L'année 1909 voit la première participation de Schiele à une exposition publique, à Klosterneuburg. Il présente la même année ses œuvres à l'Exposition internationale des Beaux-Arts à Vienne (Internationale Kunstschau), qui lui permet d'établir ses premiers contacts avec collectionneurs, éditeurs et aussi architectes — tels Otto Wagner et Josef Hoffmann. Ce dernier dirige alors l'Atelier d'art de Vienne, fondé en 1903, visant au soutien des arts et de l'artisanat, pour lequel travaillera Schiele, en 1909 et 1910. Une des plus importantes commandes qui lui est alors faite ne sera jamais réalisée : le portrait de Poldi Lodzinski, qui aurait dû être une fenêtre du palais Stoclet.

 

Le 6 février 1918, Klimt décède ; Schiele exécute son portrait sur son lit de mort. En mars doit se tenir la 49e exposition de la Sécession viennoise, qui aurait dû être présidée par Klimt lui-même. Schiele se charge alors de l'organisation et propose une affiche, intitulée La Compagnie à la table, le montrant entouré d'amis peintres. Il expose dix-neuf huiles et vingt-neuf dessins (dont une grande partie est réalisée à l'aquarelle), dans la salle principale du pavillon de la Sécession.

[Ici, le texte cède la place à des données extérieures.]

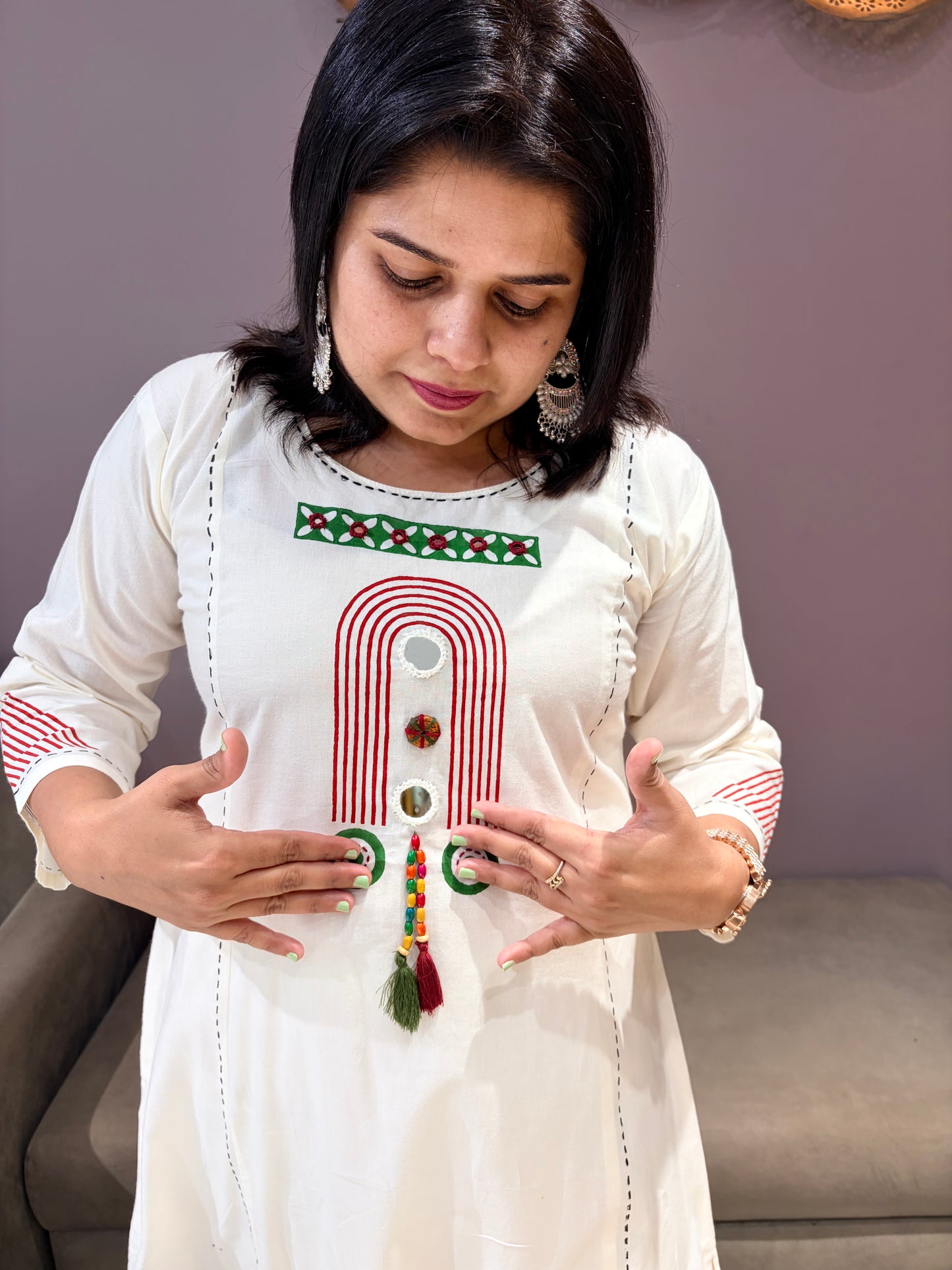 Pure Jaipuri Cotton Premium Aline Cotton White and Red Suit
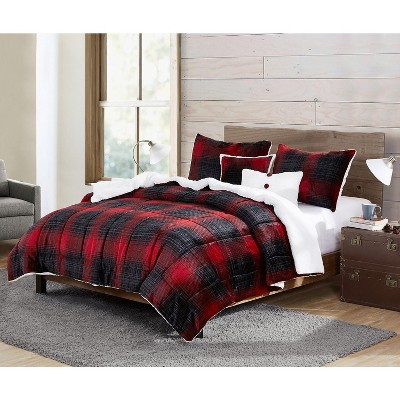 Eddie bauer black/white mountain plaid comforter set. vcny home luke reversible plush comforter set black red 5 piece full queen comforter set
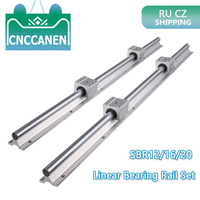 2Pcs Linear Rail SBR12 SBR16 SBR20 300-1500mm Linear Bearing Rail Slide Guide Shaft + 4Pcs SBR12UU/SBR16UU/SBR20UU Blocks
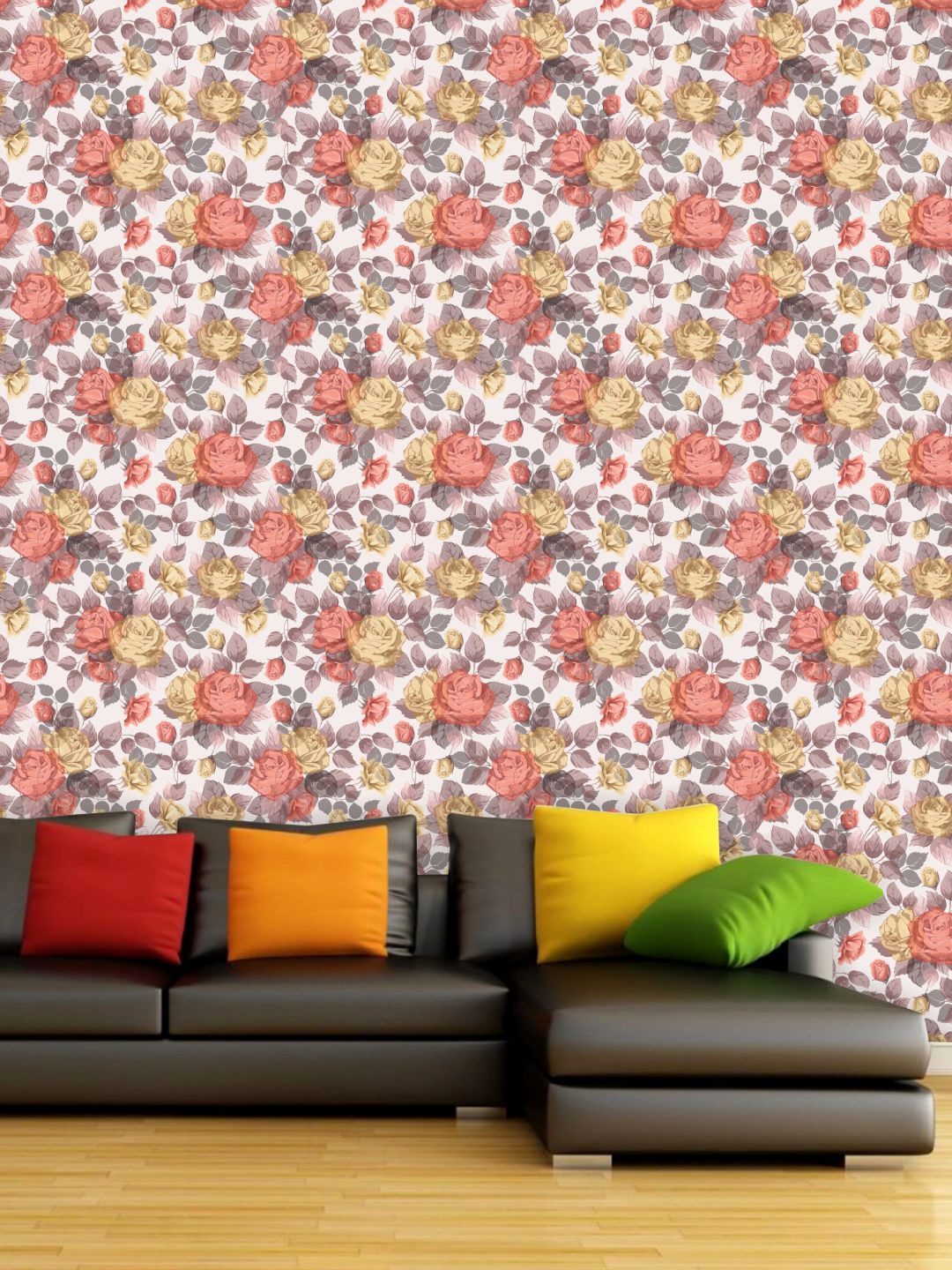 

PAPER PLANE DESIGN Red & Brown Floral Waterproof Vinyl Wallpaper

L'exposition rencontre un franc succès : une part importante de ses œuvres est vendue, et Schiele obtient des commandes de portraits de personnalités, ce qui lui permet de louer un second atelier pour ses grands formats, rue Wattmann.

Le peintre n'a pas le temps de réaliser la plupart de ses commandes : le 28 octobre 1918, sa femme, alors au sixième mois de sa grossesse, décède de la grippe espagnole, qui se répand alors dans tout Vienne et fait des millions de victimes en Europe. Egon Schiele meurt de la même maladie trois jours plus tard, le 31 octobre 1918.